What has become clear for me as an artist, seeing my work over longer and longer periods of time, is that any meaning a work conveys, any energy that a work transmits to viewers, doesn't happen through what is depicted; subject and materials are secondary to the artist's state of mind.

8.17.2014



Having seen how my mental states were hidden in the marks of my drawings, I used every opportunity to observe and study first hand the relationship of mind to making. I was 22 years old and impatient; I made my drawings in extremes of anger, depression, and non-ordinary states because they felt real, the reflections more pure, and 'who I was' seemed more apparent. Imagine a mirror, unerring but delayed in time, that revealed so much. How would you pose in front of it?

8.18.2014



I'm still thinking about how lines can reveal information about an artist's state of mind; information that even the artist can't know at the time the lines are drawn.

8.19.2014



Thrilled with my discovery of drawing's ability to encode multiple meanings, finding that my drawings held secret messages, messages that revealed themselves to me in their own time, I hid myself away, practicing in the late nights of my mid-twenties, on computer and paper, marking shit up and seeing what resulted.

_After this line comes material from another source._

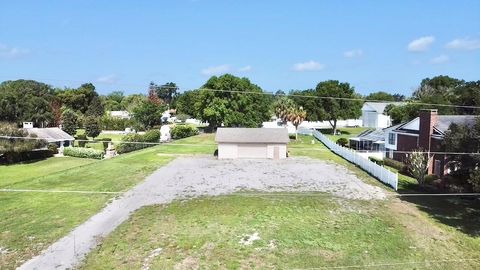 Tiny photo for 3155 Lakeshore Drive, Mount Dora, FL 32757 (MLS # G5111262)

I was learning to see on two levels; the immediate short read, i.e. what the drawing is 'about', and later the long read; a more fleeting feeling where the reality of the work is discerned.

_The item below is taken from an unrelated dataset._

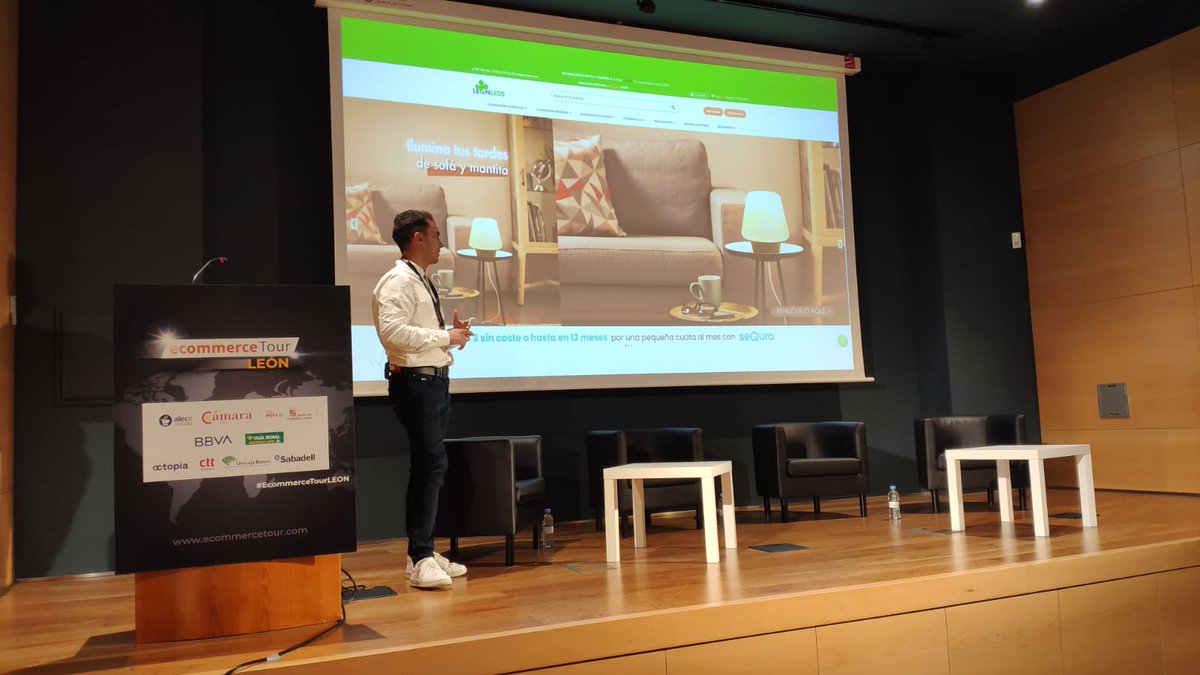 Ecommerce_es's tweet image. 📢 ¡Seguimos con los #StartupMOMENT! Con Jose Manuel Martínez, Fundador y CEO de @LeonLeds. Hace ya más de 9 años que cuentan con una tienda física en Santa María del Páramo como especialistas en Iluminación Led, a la vez que empezaron con su Ecommerce.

The best example I can give of how these two levels operate simultaneously was the time I tried to merge them, to understand both levels at once, and the immediate and lasting impression was recursive; the artwork that resulted was about my effort understand what I was making.

8.20.2014


8.21.2014


After working on the new piece all day I don't think I could be any more certain of 'drawing reflects the state of mind'.
8.22.2014


8.23.2014


8.24.2014


8.25.2014


8.26.2014


8.27.2014


For those keeping score at home, the large work that I began carving on June 3rd and described here, is now competed. A three month operation; but finished faster than the last one. Now that the production process for these large works is better understood, I will see if I can make multiple new pieces at the same time.
8.28.2014


8.29.2014


8.30.2014


My motivation to write seems to be on summer vacation.